TASK DETAILS: Every line from the one with "Photo of 902 Williams Avenue" up to and including the one with "15.06.2025 - 7" is to be output exactly as it appears below; pictures are not.

RECORDS TO USE:
┌──
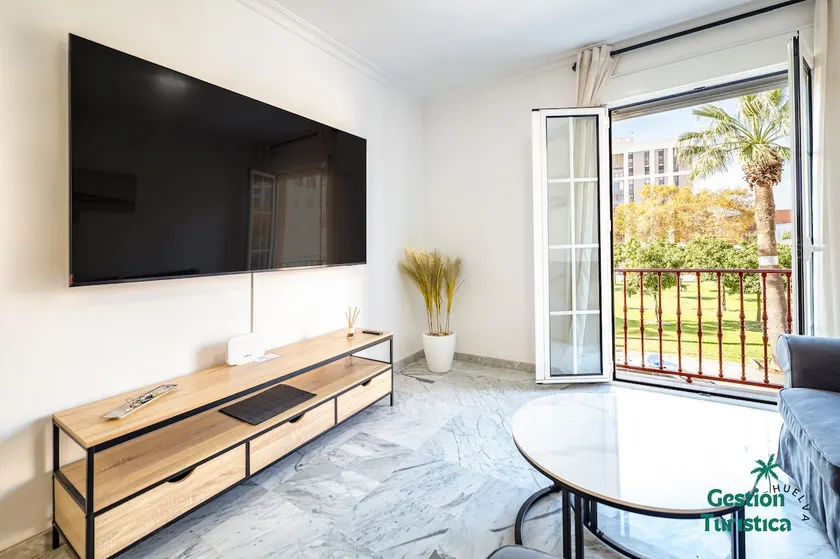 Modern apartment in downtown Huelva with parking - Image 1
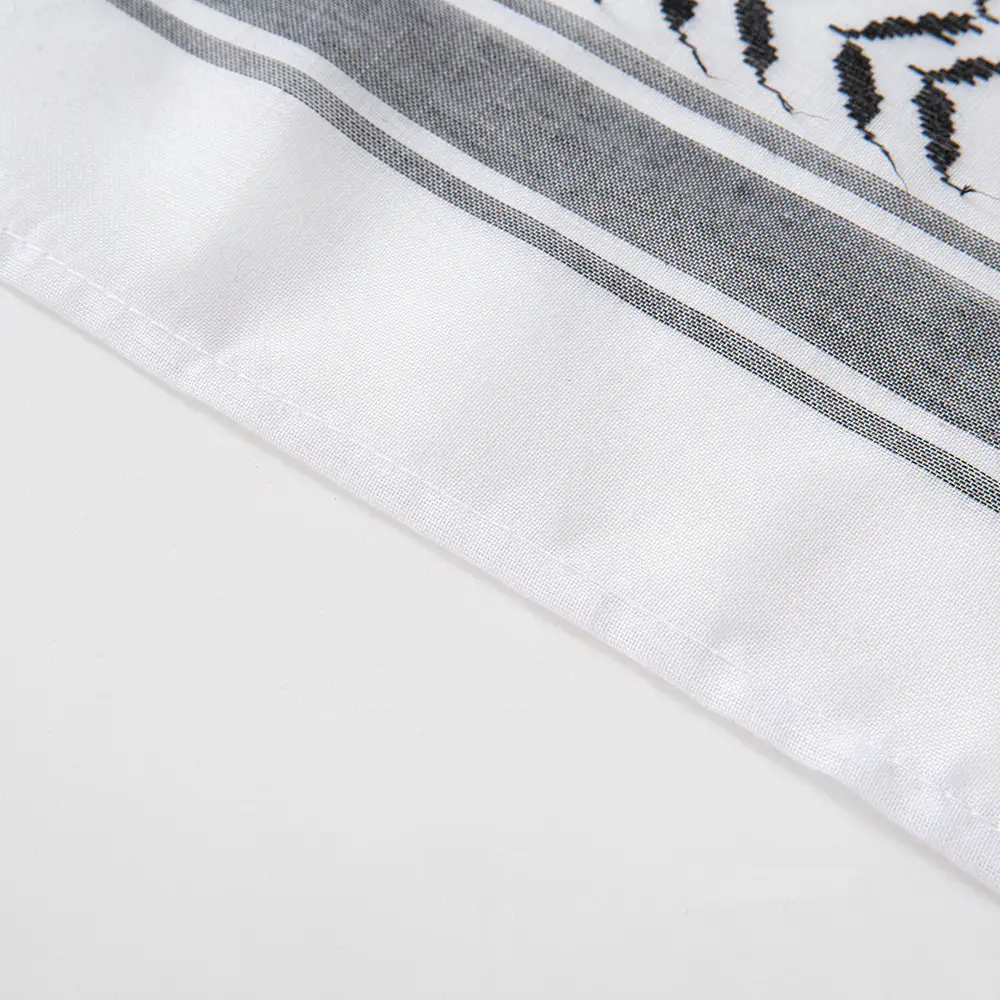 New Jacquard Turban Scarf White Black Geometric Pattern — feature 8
└──
┌──
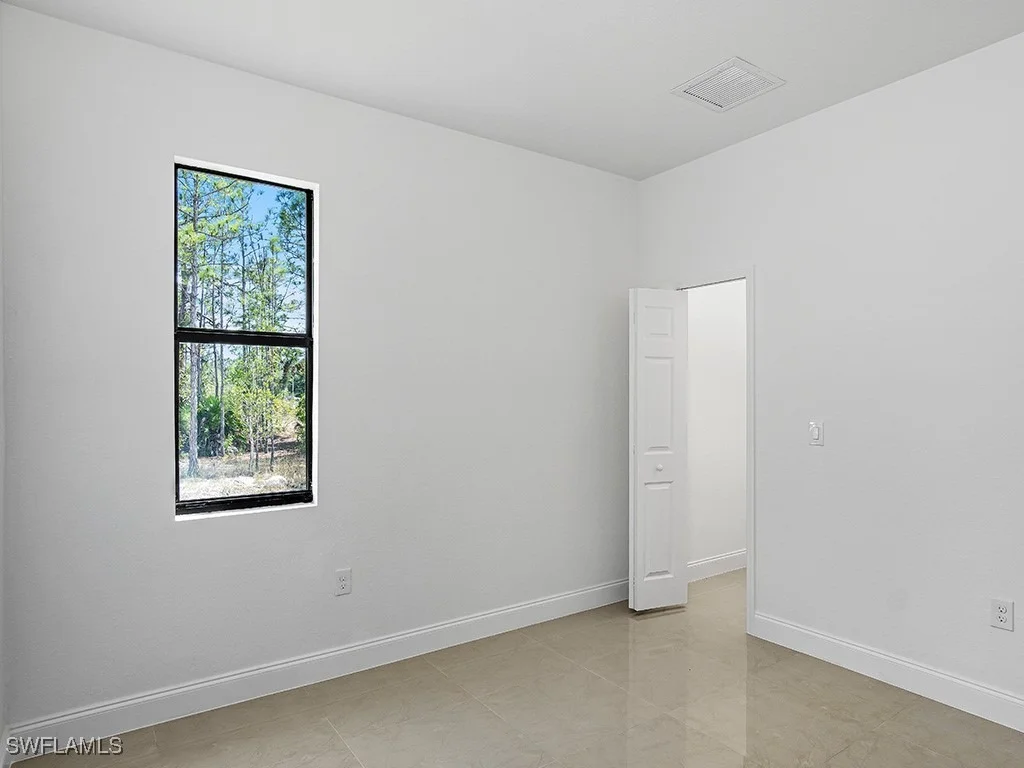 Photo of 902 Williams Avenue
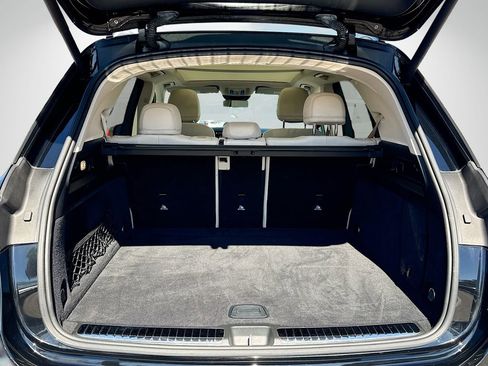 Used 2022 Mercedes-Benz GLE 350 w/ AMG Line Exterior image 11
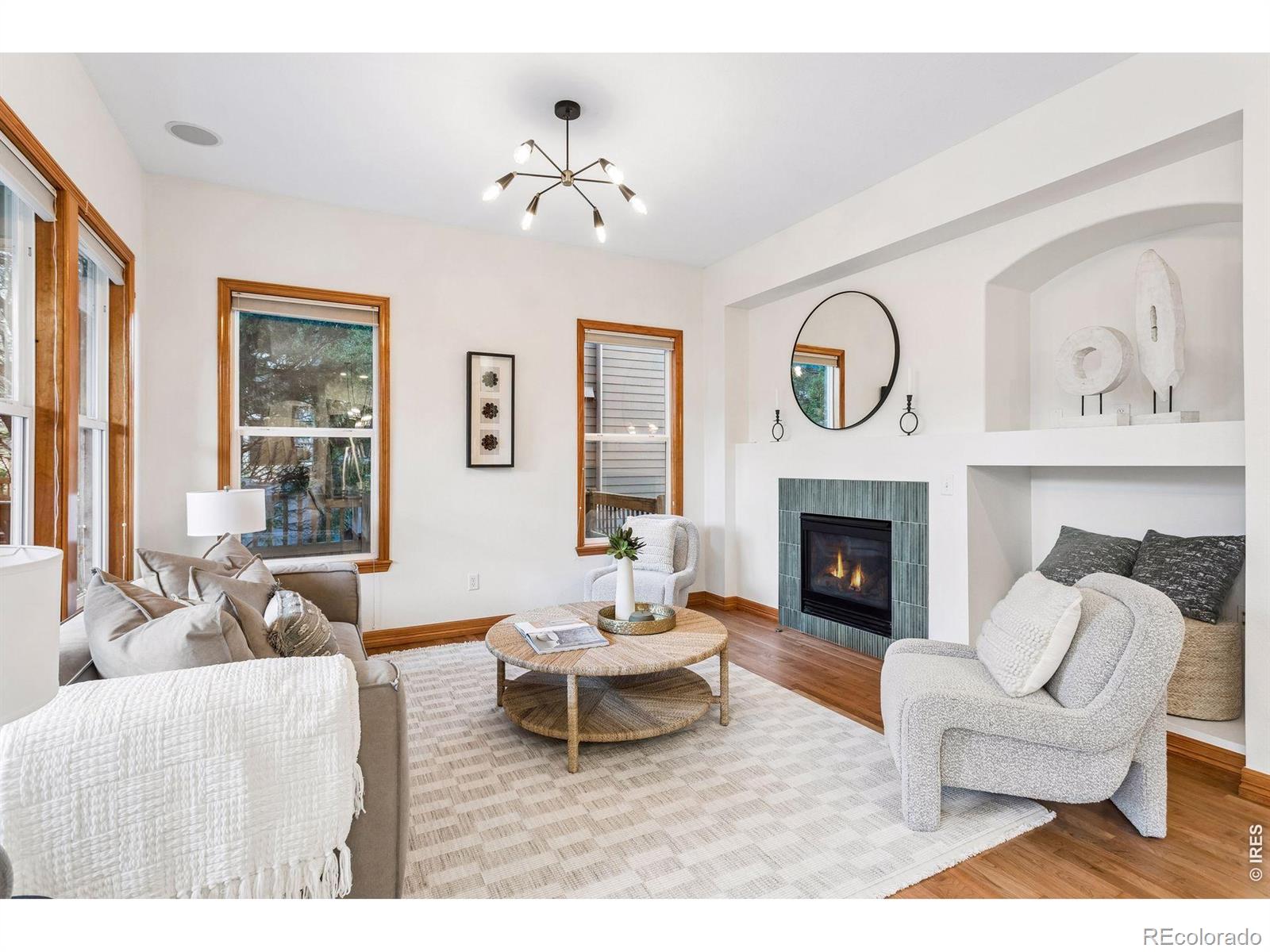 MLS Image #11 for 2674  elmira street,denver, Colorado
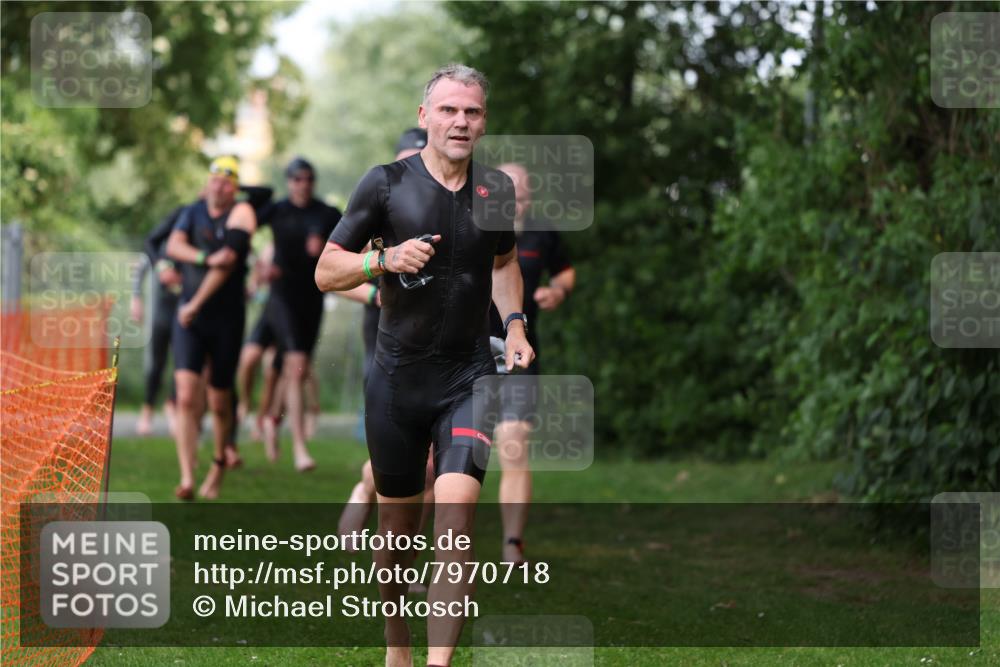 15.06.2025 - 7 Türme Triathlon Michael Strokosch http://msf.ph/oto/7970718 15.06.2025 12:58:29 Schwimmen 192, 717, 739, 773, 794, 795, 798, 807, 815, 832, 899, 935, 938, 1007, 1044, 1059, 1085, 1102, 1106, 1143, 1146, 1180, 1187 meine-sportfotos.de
└──
┌──
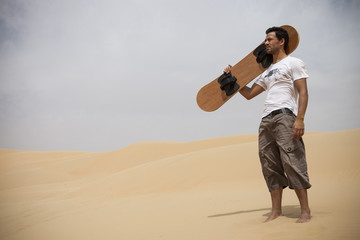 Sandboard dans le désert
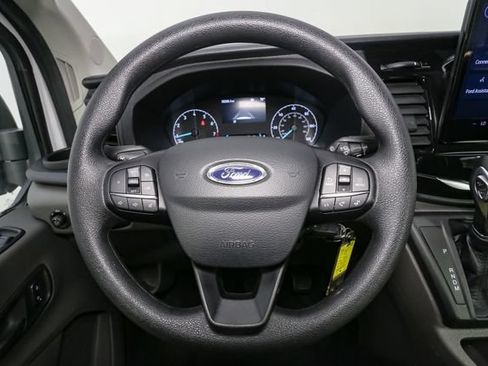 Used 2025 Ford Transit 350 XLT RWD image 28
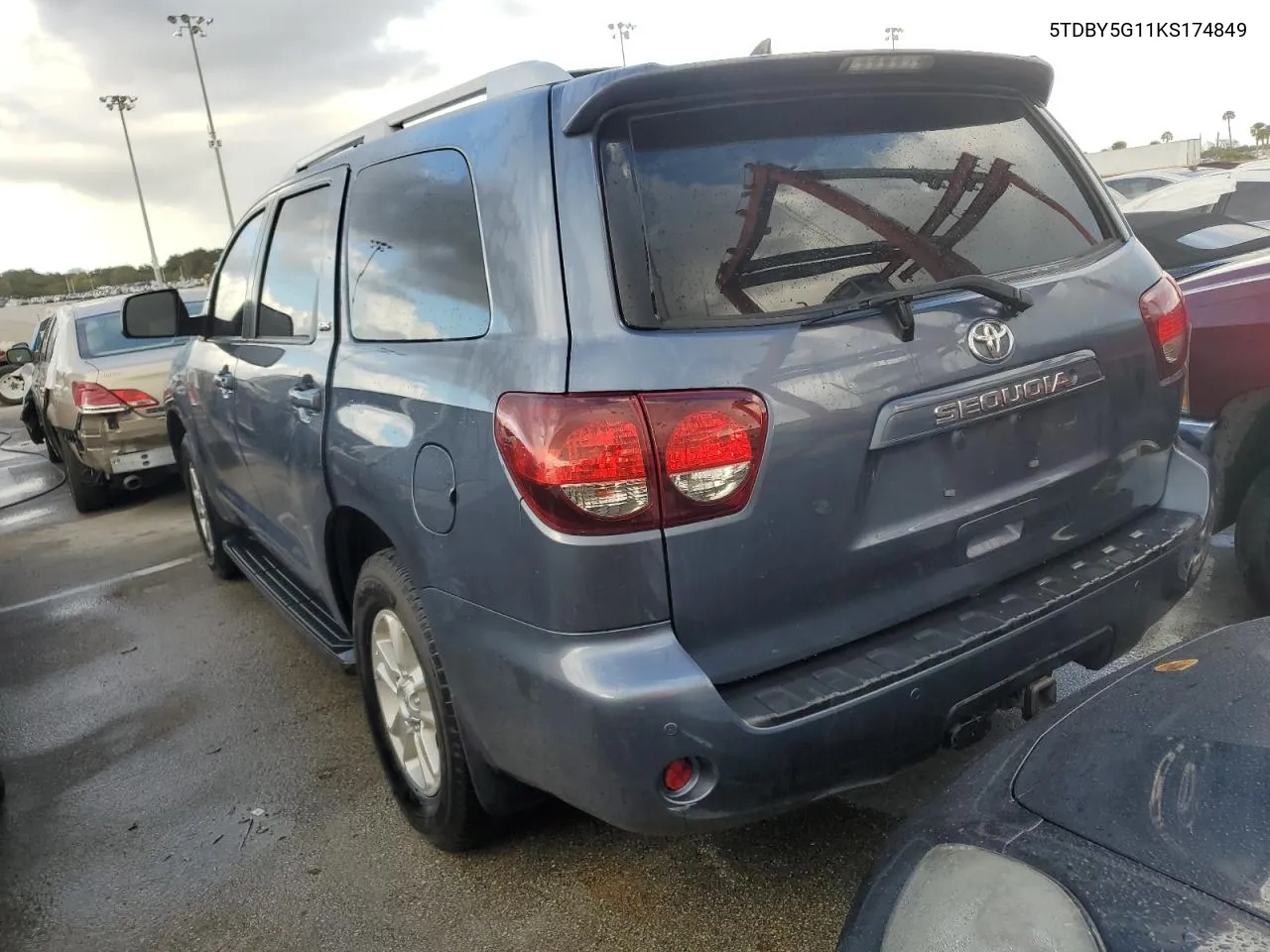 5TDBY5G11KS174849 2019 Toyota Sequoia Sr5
└──
EXERCISE ANSWER:
 Photo of 902 Williams Avenue
 Used 2022 Mercedes-Benz GLE 350 w/ AMG Line Exterior image 11
 MLS Image #11 for 2674  elmira street,denver, Colorado
 15.06.2025 - 7 Türme Triathlon Michael Strokosch http://msf.ph/oto/7970718 15.06.2025 12:58:29 Schwimmen 192, 717, 739, 773, 794, 795, 798, 807, 815, 832, 899, 935, 938, 1007, 1044, 1059, 1085, 1102, 1106, 1143, 1146, 1180, 1187 meine-sportfotos.de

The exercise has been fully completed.